Yeah don't listen to them. The weather network uses Banff for it Sunshine Village forecast. The temp in town vs on hill is way different. Awesome conditions at the moment. We are going to do the dive and wild west tomorrow. should be sweeeeeeet! (Nuking outside as we speak!)


----------



## poutanen (Dec 22, 2011)

roremc said:


> Yeah don't listen to them. The weather network uses Banff for it Sunshine Village forecast. The temp in town vs on hill is way different. Awesome conditions at the moment. We are going to do the dive and wild west tomorrow. should be sweeeeeeet! (Nuking outside as we speak!)


Yeah just looked on LL, SV and Naks websites and it looks like LL and SV got about 13-15 cm and Nak got 10 yesterday, with more coming today. I'm hoping to head out tomorrow but might wait a day or two (building a sauna at the moment!)...
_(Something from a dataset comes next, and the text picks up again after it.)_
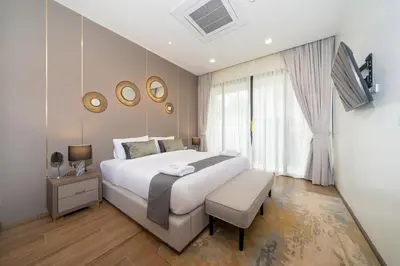 a bedroom with a large white bed and a window at The Exclusive Sky D1 \u8c6a\u534e4\u5367\u5ba4\u6d77\u666f\u522b\u5885 \u79c1\u4eba12m\u65e0\u8fb9\u6d77\u666f\u6cf3\u6c60 \u6bcf\u65e5\u6e05\u6d01 in Kamala Beach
On the other hand this might be the last "nuking" weekend I get out to with all my RCR resorts closing on the 15th  Can't wait to have the LL season pass next year!


----------



## Stewartsj (Apr 24, 2012)

Just wanted to chime in and give my experiences in Panorama.

My fam and I have been visiting there since 2003, until 2009. The reason for stopping? From 2003 on until maybe 2005-6, the snow was awesome, with the lines manageable... For some reason though from 2006 ish, the snow just went downhill... It felt like most of the snow were man-made, and freezing cold. One good thing was that, the resort facilities (except for the shady inn) was improving.

It is pretty cheap though, compared to other resorts, but for the terrain, I would hit up elsewhere....


----------